Starting with the line that has "Taller Tú decides" in the records below and stopping after the line that has "Used 2007 Chevrolet Cobalt LS FWD image 4", output every line exactly and nothing else; skip pictures.

Collected data entries
/---

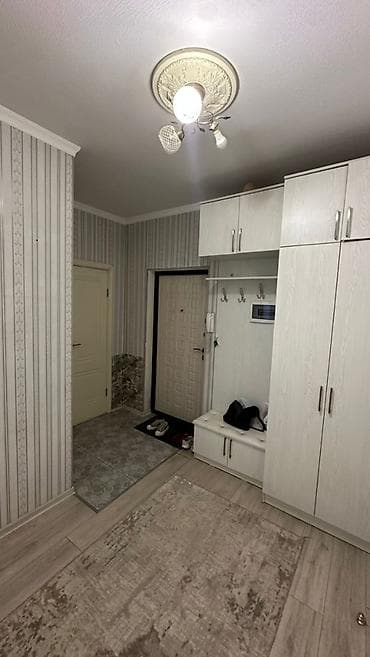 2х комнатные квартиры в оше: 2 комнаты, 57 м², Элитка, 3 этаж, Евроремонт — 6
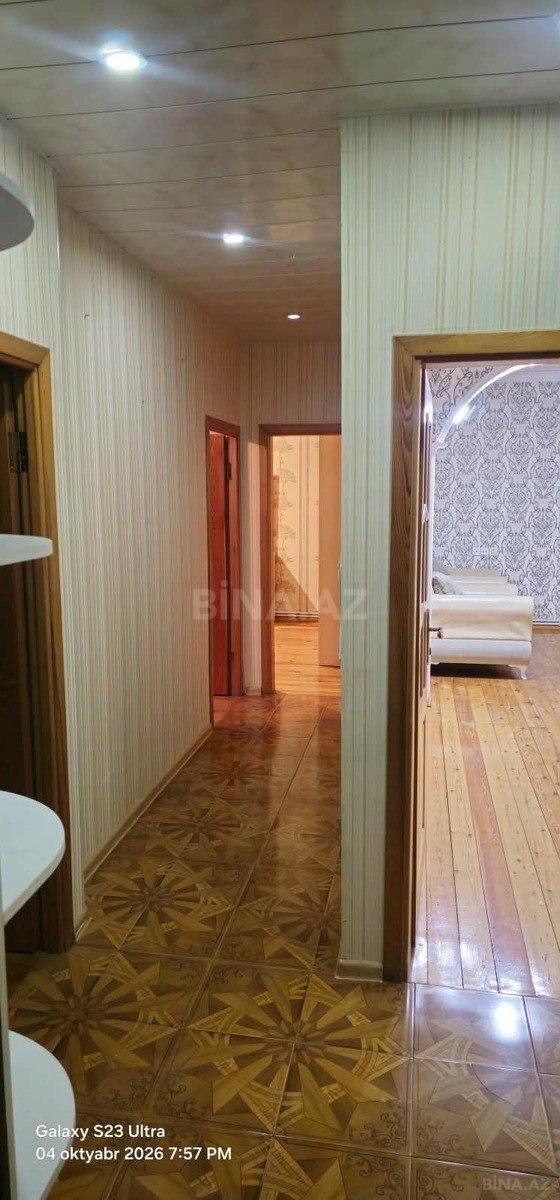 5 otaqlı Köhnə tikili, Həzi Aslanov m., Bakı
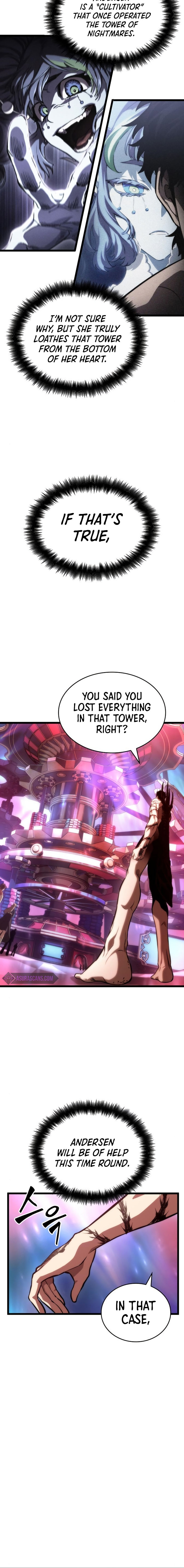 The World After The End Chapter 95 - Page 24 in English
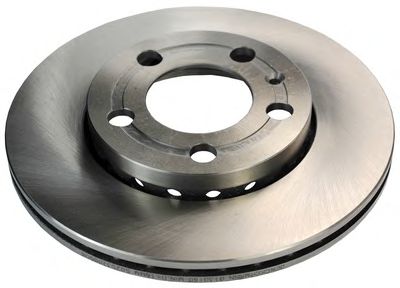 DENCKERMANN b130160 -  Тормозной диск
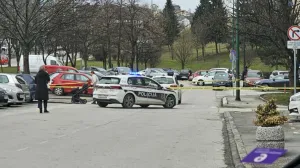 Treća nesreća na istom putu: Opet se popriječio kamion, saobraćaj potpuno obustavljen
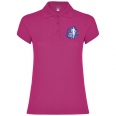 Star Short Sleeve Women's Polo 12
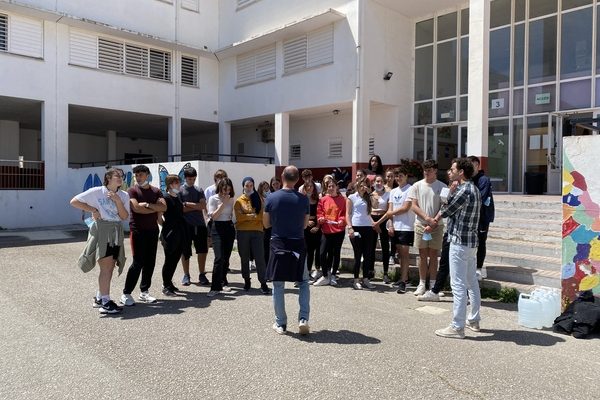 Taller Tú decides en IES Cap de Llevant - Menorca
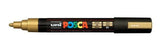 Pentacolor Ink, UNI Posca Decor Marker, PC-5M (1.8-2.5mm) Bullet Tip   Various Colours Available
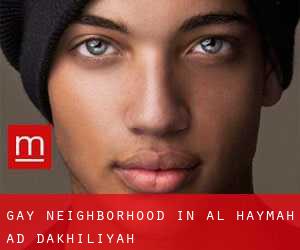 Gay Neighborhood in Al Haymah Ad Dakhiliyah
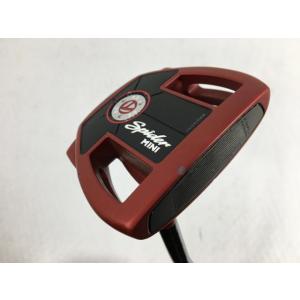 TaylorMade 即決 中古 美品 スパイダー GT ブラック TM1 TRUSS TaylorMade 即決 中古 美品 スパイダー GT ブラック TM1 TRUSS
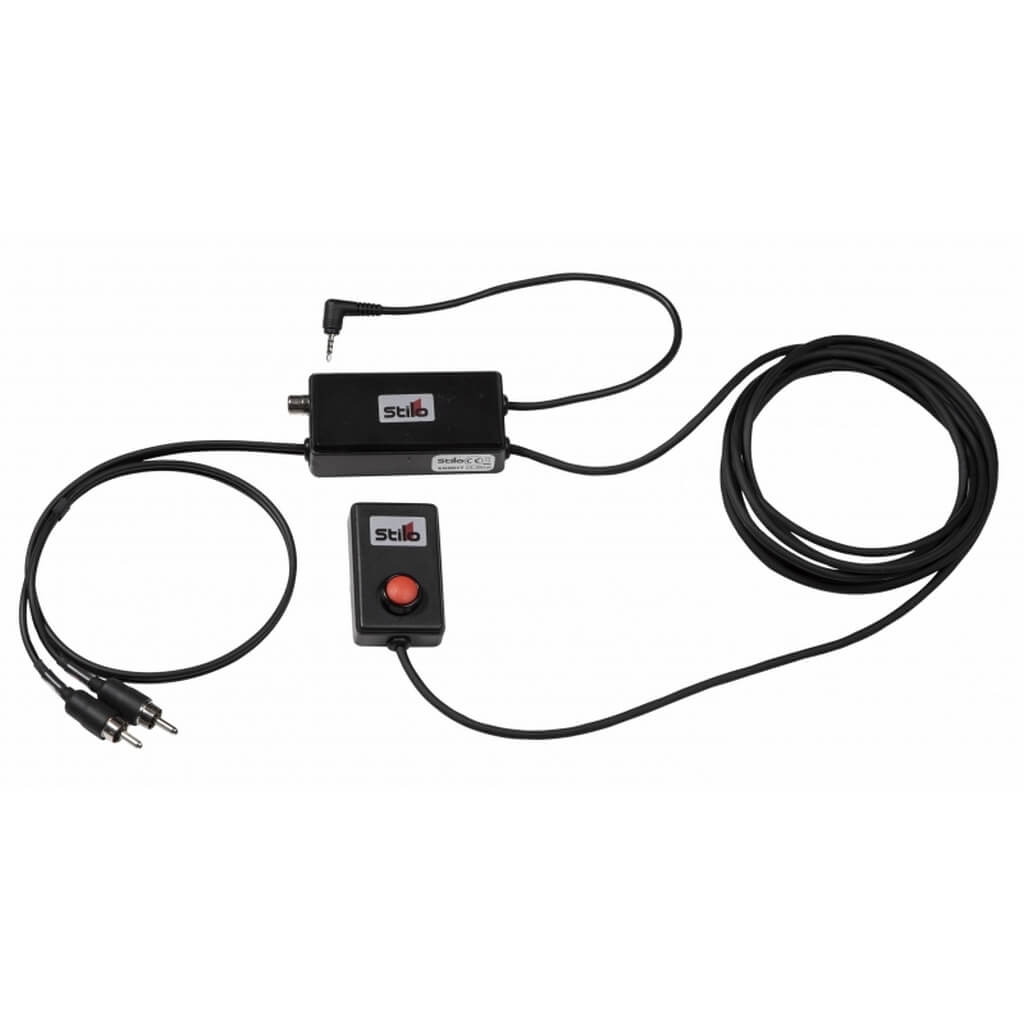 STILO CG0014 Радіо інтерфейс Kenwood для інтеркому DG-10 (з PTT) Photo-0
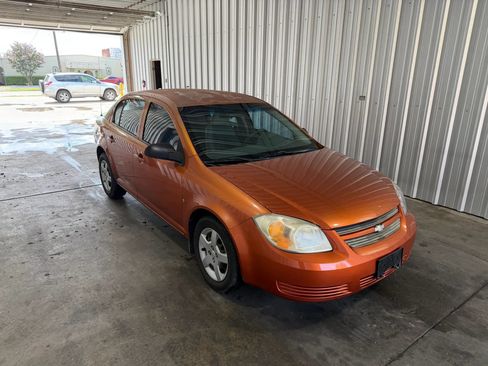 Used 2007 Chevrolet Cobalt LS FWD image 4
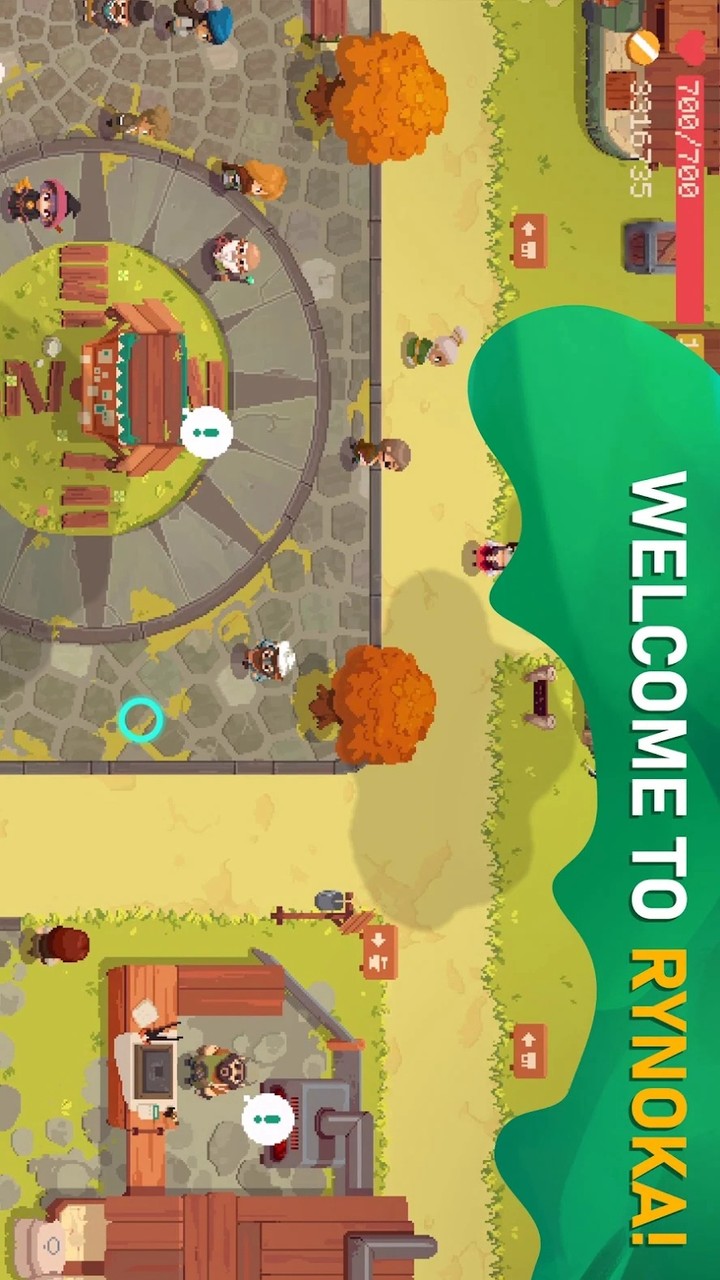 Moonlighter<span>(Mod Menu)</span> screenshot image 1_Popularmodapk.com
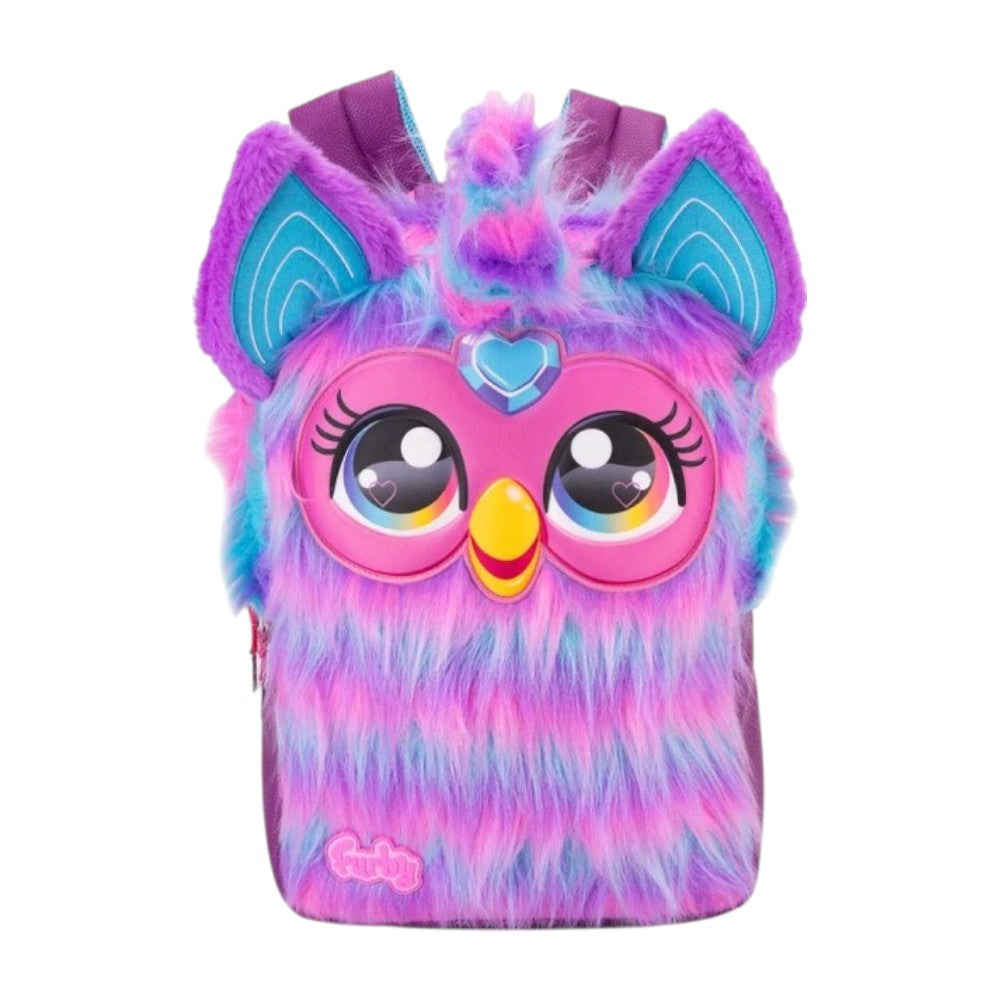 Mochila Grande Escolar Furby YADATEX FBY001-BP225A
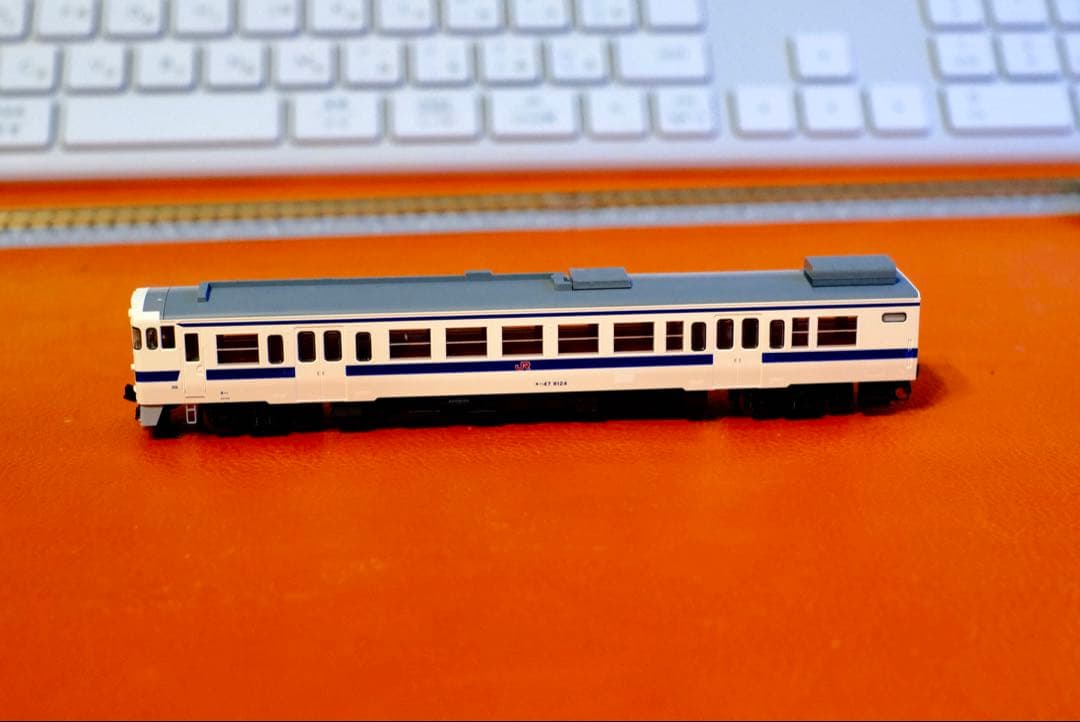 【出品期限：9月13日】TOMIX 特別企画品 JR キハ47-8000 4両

\---

RESULT OF THE EXERCISE >>
 Taller Tú decides en IES Cap de Llevant - Menorca
 Pentacolor Ink, UNI Posca Decor Marker, PC-5M (1.8-2.5mm) Bullet Tip   Various Colours Available
 Gay Neighborhood in Al Haymah Ad Dakhiliyah
 TaylorMade 即決 中古 美品 スパイダー GT ブラック TM1 TRUSS TaylorMade 即決 中古 美品 スパイダー GT ブラック TM1 TRUSS
 STILO CG0014 Радіо інтерфейс Kenwood для інтеркому DG-10 (з PTT) Photo-0
 Used 2007 Chevrolet Cobalt LS FWD image 4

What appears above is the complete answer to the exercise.